Segment Open

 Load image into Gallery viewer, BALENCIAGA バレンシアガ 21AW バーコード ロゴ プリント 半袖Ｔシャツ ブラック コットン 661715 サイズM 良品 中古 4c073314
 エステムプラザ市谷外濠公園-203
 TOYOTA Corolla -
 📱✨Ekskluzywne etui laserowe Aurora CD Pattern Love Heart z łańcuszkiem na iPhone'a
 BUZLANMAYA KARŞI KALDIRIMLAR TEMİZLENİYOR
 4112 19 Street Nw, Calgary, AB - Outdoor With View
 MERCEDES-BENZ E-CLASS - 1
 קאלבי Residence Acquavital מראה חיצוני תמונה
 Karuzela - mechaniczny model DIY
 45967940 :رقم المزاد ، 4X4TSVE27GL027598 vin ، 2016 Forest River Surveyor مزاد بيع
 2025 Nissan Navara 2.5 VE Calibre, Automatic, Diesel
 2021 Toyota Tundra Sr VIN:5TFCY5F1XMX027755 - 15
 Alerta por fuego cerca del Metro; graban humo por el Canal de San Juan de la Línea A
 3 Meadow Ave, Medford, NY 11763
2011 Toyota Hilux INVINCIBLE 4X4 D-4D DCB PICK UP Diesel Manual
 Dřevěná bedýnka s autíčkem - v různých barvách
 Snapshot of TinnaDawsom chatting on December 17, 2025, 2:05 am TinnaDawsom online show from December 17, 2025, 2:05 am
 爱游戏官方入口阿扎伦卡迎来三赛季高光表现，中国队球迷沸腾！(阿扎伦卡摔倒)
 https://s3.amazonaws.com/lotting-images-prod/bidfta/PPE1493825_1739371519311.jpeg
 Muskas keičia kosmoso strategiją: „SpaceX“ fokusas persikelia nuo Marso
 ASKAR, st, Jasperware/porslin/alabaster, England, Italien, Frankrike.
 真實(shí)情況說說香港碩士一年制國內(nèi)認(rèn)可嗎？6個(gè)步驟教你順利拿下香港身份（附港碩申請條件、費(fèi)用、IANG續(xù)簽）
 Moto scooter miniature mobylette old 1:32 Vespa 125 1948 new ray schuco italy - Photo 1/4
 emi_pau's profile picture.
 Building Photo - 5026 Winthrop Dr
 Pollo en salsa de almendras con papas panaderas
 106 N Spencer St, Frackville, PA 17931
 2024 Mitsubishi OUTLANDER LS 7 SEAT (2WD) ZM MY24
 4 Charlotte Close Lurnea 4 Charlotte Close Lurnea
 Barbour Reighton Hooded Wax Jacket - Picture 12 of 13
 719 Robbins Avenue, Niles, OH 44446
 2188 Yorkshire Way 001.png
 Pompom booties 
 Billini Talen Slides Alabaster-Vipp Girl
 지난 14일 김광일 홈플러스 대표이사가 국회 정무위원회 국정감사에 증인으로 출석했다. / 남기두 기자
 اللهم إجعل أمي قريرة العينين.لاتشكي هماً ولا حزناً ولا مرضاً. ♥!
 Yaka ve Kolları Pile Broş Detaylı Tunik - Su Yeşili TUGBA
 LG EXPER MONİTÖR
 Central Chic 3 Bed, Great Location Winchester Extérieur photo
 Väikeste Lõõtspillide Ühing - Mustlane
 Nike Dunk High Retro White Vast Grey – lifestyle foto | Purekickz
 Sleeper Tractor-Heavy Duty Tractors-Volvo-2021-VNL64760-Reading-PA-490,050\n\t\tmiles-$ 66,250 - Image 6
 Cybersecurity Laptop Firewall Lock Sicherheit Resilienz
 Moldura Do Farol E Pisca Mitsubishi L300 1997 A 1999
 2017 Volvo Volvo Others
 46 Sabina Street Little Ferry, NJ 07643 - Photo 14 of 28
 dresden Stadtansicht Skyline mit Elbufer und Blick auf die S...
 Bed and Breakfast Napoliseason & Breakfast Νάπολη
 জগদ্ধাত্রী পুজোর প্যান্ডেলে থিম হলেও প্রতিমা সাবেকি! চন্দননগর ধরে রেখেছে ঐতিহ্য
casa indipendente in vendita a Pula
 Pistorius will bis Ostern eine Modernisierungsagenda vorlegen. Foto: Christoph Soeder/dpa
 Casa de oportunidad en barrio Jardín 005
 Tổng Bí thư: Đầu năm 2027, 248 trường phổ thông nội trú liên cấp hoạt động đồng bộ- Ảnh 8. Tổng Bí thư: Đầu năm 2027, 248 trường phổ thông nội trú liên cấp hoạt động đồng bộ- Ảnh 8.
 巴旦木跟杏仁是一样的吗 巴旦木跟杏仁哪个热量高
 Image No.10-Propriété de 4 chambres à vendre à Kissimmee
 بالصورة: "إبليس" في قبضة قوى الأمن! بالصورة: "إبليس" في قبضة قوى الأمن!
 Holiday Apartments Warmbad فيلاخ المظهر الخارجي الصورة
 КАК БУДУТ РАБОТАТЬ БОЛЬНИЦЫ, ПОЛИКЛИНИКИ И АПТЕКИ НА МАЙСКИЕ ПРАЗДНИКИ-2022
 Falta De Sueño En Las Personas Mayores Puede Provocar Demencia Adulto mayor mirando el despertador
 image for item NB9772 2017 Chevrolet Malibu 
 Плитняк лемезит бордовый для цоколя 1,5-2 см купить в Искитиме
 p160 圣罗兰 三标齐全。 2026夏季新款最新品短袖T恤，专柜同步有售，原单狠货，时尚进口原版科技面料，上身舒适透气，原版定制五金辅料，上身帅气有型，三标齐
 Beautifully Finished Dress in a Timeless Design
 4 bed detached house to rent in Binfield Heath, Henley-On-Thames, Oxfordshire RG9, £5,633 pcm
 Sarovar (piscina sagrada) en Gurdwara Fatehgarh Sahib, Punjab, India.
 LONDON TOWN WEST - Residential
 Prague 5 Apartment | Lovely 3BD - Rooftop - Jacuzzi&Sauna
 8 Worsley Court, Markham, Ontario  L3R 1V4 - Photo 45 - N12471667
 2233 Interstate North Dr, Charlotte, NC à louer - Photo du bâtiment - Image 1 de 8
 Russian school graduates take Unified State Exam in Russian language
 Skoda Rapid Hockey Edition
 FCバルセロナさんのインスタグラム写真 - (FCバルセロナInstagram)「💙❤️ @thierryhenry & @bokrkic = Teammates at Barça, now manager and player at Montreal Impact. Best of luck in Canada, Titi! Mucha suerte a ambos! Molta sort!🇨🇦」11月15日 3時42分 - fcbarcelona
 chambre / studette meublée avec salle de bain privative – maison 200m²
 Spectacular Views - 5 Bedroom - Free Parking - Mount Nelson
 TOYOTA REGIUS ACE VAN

Segment Closed

WHAT NEEDS TO BE DONE ▸
Mind each word and retype the entire listing above.

SOLUTION TO THIS EXERCISE ▸
 Load image into Gallery viewer, BALENCIAGA バレンシアガ 21AW バーコード ロゴ プリント 半袖Ｔシャツ ブラック コットン 661715 サイズM 良品 中古 4c073314
 エステムプラザ市谷外濠公園-203
 TOYOTA Corolla -
 📱✨Ekskluzywne etui laserowe Aurora CD Pattern Love Heart z łańcuszkiem na iPhone'a
 BUZLANMAYA KARŞI KALDIRIMLAR TEMİZLENİYOR
 4112 19 Street Nw, Calgary, AB - Outdoor With View
 MERCEDES-BENZ E-CLASS - 1
 קאלבי Residence Acquavital מראה חיצוני תמונה
 Karuzela - mechaniczny model DIY
 45967940 :رقم المزاد ، 4X4TSVE27GL027598 vin ، 2016 Forest River Surveyor مزاد بيع
 2025 Nissan Navara 2.5 VE Calibre, Automatic, Diesel
 2021 Toyota Tundra Sr VIN:5TFCY5F1XMX027755 - 15
 Alerta por fuego cerca del Metro; graban humo por el Canal de San Juan de la Línea A
 3 Meadow Ave, Medford, NY 11763
2011 Toyota Hilux INVINCIBLE 4X4 D-4D DCB PICK UP Diesel Manual
 Dřevěná bedýnka s autíčkem - v různých barvách
 Snapshot of TinnaDawsom chatting on December 17, 2025, 2:05 am TinnaDawsom online show from December 17, 2025, 2:05 am
 爱游戏官方入口阿扎伦卡迎来三赛季高光表现，中国队球迷沸腾！(阿扎伦卡摔倒)
 https://s3.amazonaws.com/lotting-images-prod/bidfta/PPE1493825_1739371519311.jpeg
 Muskas keičia kosmoso strategiją: „SpaceX“ fokusas persikelia nuo Marso
 ASKAR, st, Jasperware/porslin/alabaster, England, Italien, Frankrike.
 真實(shí)情況說說香港碩士一年制國內(nèi)認(rèn)可嗎？6個(gè)步驟教你順利拿下香港身份（附港碩申請條件、費(fèi)用、IANG續(xù)簽）
 Moto scooter miniature mobylette old 1:32 Vespa 125 1948 new ray schuco italy - Photo 1/4
 emi_pau's profile picture.
 Building Photo - 5026 Winthrop Dr
 Pollo en salsa de almendras con papas panaderas
 106 N Spencer St, Frackville, PA 17931
 2024 Mitsubishi OUTLANDER LS 7 SEAT (2WD) ZM MY24
 4 Charlotte Close Lurnea 4 Charlotte Close Lurnea
 Barbour Reighton Hooded Wax Jacket - Picture 12 of 13
 719 Robbins Avenue, Niles, OH 44446
 2188 Yorkshire Way 001.png
 Pompom booties 
 Billini Talen Slides Alabaster-Vipp Girl
 지난 14일 김광일 홈플러스 대표이사가 국회 정무위원회 국정감사에 증인으로 출석했다. / 남기두 기자
 اللهم إجعل أمي قريرة العينين.لاتشكي هماً ولا حزناً ولا مرضاً. ♥!
 Yaka ve Kolları Pile Broş Detaylı Tunik - Su Yeşili TUGBA
 LG EXPER MONİTÖR
 Central Chic 3 Bed, Great Location Winchester Extérieur photo
 Väikeste Lõõtspillide Ühing - Mustlane
 Nike Dunk High Retro White Vast Grey – lifestyle foto | Purekickz
 Sleeper Tractor-Heavy Duty Tractors-Volvo-2021-VNL64760-Reading-PA-490,050\n\t\tmiles-$ 66,250 - Image 6
 Cybersecurity Laptop Firewall Lock Sicherheit Resilienz
 Moldura Do Farol E Pisca Mitsubishi L300 1997 A 1999
 2017 Volvo Volvo Others
 46 Sabina Street Little Ferry, NJ 07643 - Photo 14 of 28
 dresden Stadtansicht Skyline mit Elbufer und Blick auf die S...
 Bed and Breakfast Napoliseason & Breakfast Νάπολη
 জগদ্ধাত্রী পুজোর প্যান্ডেলে থিম হলেও প্রতিমা সাবেকি! চন্দননগর ধরে রেখেছে ঐতিহ্য
casa indipendente in vendita a Pula
 Pistorius will bis Ostern eine Modernisierungsagenda vorlegen. Foto: Christoph Soeder/dpa
 Casa de oportunidad en barrio Jardín 005
 Tổng Bí thư: Đầu năm 2027, 248 trường phổ thông nội trú liên cấp hoạt động đồng bộ- Ảnh 8. Tổng Bí thư: Đầu năm 2027, 248 trường phổ thông nội trú liên cấp hoạt động đồng bộ- Ảnh 8.
 巴旦木跟杏仁是一样的吗 巴旦木跟杏仁哪个热量高
 Image No.10-Propriété de 4 chambres à vendre à Kissimmee
 بالصورة: "إبليس" في قبضة قوى الأمن! بالصورة: "إبليس" في قبضة قوى الأمن!
 Holiday Apartments Warmbad فيلاخ المظهر الخارجي الصورة
 КАК БУДУТ РАБОТАТЬ БОЛЬНИЦЫ, ПОЛИКЛИНИКИ И АПТЕКИ НА МАЙСКИЕ ПРАЗДНИКИ-2022
 Falta De Sueño En Las Personas Mayores Puede Provocar Demencia Adulto mayor mirando el despertador
 image for item NB9772 2017 Chevrolet Malibu 
 Плитняк лемезит бордовый для цоколя 1,5-2 см купить в Искитиме
 p160 圣罗兰 三标齐全。 2026夏季新款最新品短袖T恤，专柜同步有售，原单狠货，时尚进口原版科技面料，上身舒适透气，原版定制五金辅料，上身帅气有型，三标齐
 Beautifully Finished Dress in a Timeless Design
 4 bed detached house to rent in Binfield Heath, Henley-On-Thames, Oxfordshire RG9, £5,633 pcm
 Sarovar (piscina sagrada) en Gurdwara Fatehgarh Sahib, Punjab, India.
 LONDON TOWN WEST - Residential
 Prague 5 Apartment | Lovely 3BD - Rooftop - Jacuzzi&Sauna
 8 Worsley Court, Markham, Ontario  L3R 1V4 - Photo 45 - N12471667
 2233 Interstate North Dr, Charlotte, NC à louer - Photo du bâtiment - Image 1 de 8
 Russian school graduates take Unified State Exam in Russian language
 Skoda Rapid Hockey Edition
 FCバルセロナさんのインスタグラム写真 - (FCバルセロナInstagram)「💙❤️ @thierryhenry & @bokrkic = Teammates at Barça, now manager and player at Montreal Impact. Best of luck in Canada, Titi! Mucha suerte a ambos! Molta sort!🇨🇦」11月15日 3時42分 - fcbarcelona
 chambre / studette meublée avec salle de bain privative – maison 200m²
 Spectacular Views - 5 Bedroom - Free Parking - Mount Nelson
 TOYOTA REGIUS ACE VAN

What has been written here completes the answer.